Q. I am retired under a combination of CSRS (14 years) and FERS (12 years). My CSRS annuity is $3,000 a month and my Social Security is $600 a month. If my spouse dies, can I get any part of his $1,600 monthly Social Security?
Q. I am a government DoD CSRS employee of 38 years and plan on working for another couple of years –- I want that 40 years with 80 percent of my salary as retirement. I turn 62 this September and have been told I can draw my ex’s Social Security starting Oct 1. We were married for 28 years. Is this true? Is there a limit on the amount of money I can draw while I am still employed? I know when I retire, it will offset my retirement (which I feel is unfair).

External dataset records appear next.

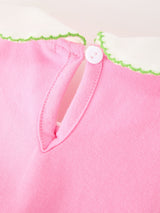Girls Christmas Pink Bow & Christmas Tree Peter Pan Collar Dress - Rylee Faith Designs - Flyclothing LLC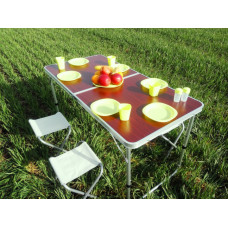 Столик чемодан складной  для пикника, кемпинга 120 на 60 см с 4-мя стульями FOLDING TABLE тёмный 130642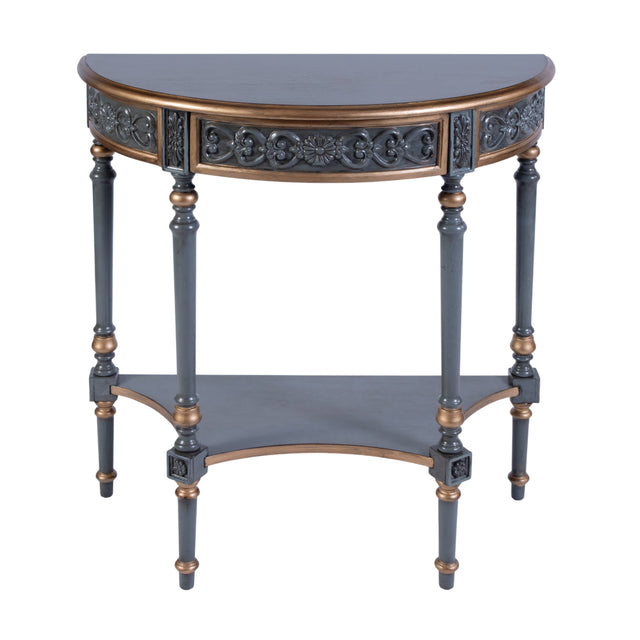 Danielle 30 in W. Demilune Wood 1 Drawer Console Table with Lower Open Shelf by Butler Specialty Company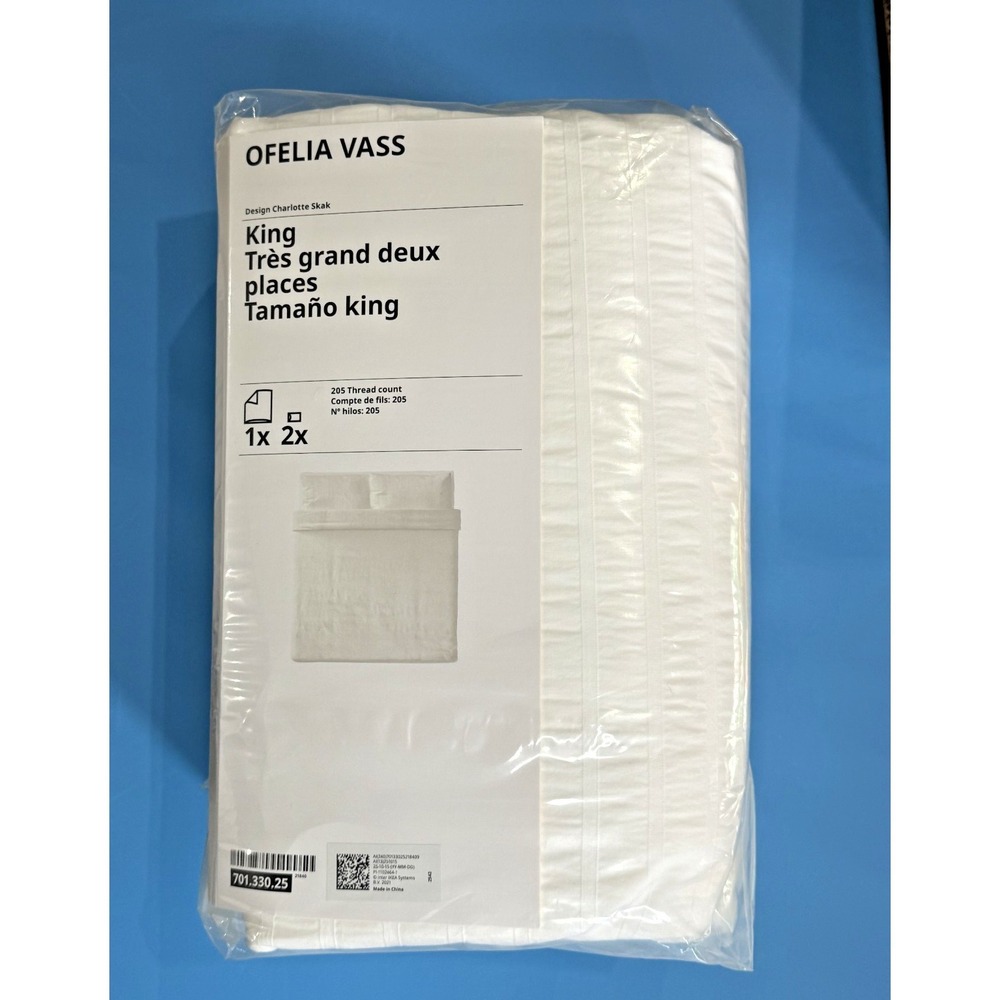Ikea OFELIA VASS King Duvet Cover w/ Pillowcases Dobby Woven Bed Set White New - Picture 6 of 7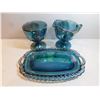 Image 4 : INDIANNA BLUE CARNIVAL GLASS, HARVEST, CREAM SUGAR ON PLATE
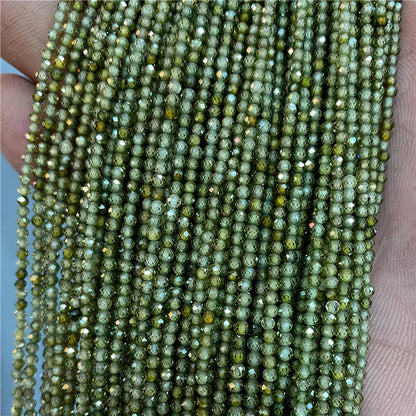 Natürliche Zirkonperlen 2, 3, 4 mm winziger Stein, lose Distanzperlen für Halskette, Armbänder, Zubehör, Schmuckherstellung, 39,9 cm Strang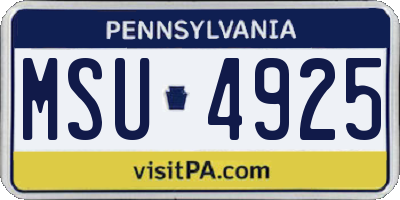 PA license plate MSU4925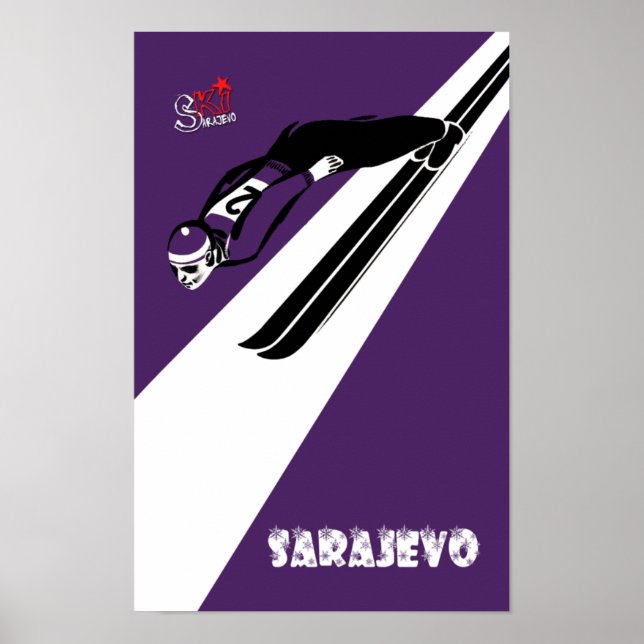 Poster de viagens de inverno Sarajevo (Frente)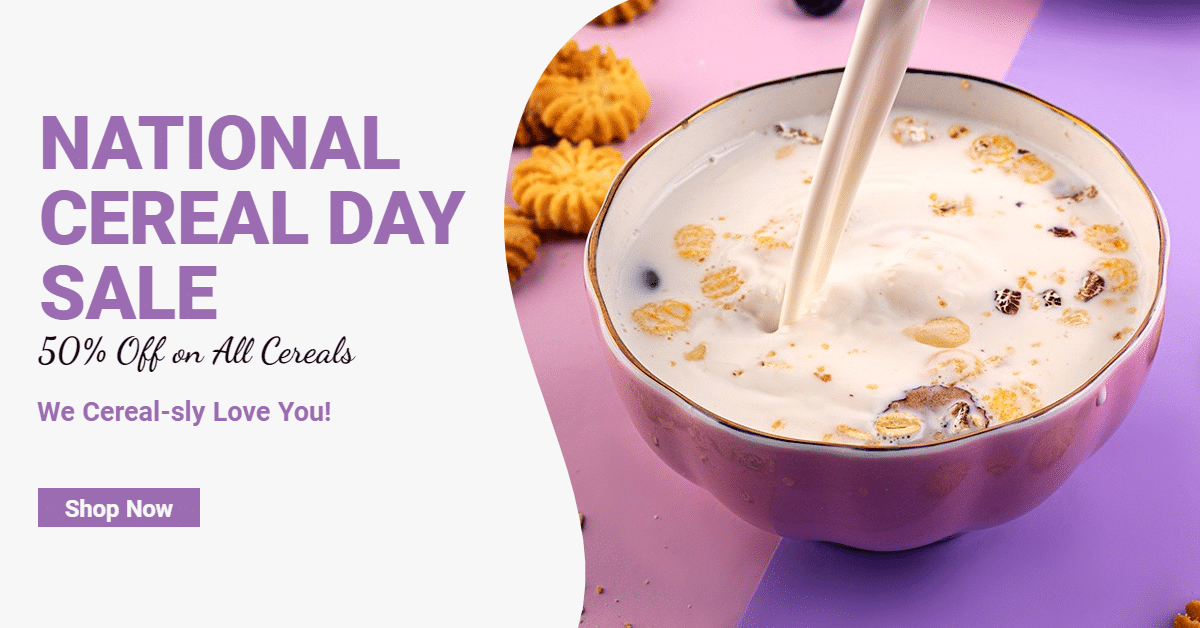 Purple Rectangle Element Simple Oatmeal National Cereal Day Sale Ecommerce Banner预览效果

Q: I am retiring soon under the Federal Employees Retirement System and my spouse is already retired under the Civil Service Retirement System. Should I die before her, will she be able to collect unreduced Social Security survivor’s benefits?
A: No, she won’t. Her survivor benefit will be subject to the government pension offset provision of the law, which will reduce that benefit by $2 for every $3 she receives in her CSRS annuity.
Q: I am a 65-year-old active CSRS federal employee. My wife is 63 and receives Social Security benefits. Am I eligible for a Social Security spousal benefit while I am still employed and not receiving a CSRS annuity?
A: Yes, you are. However, when you retire, you will be subject to the government pension offset provision of law, which will reduce that spousal benefit by $2 for every $3 you receive in your CSRS annuity. In most cases, the GPO eliminates the Social Security spousal benefit.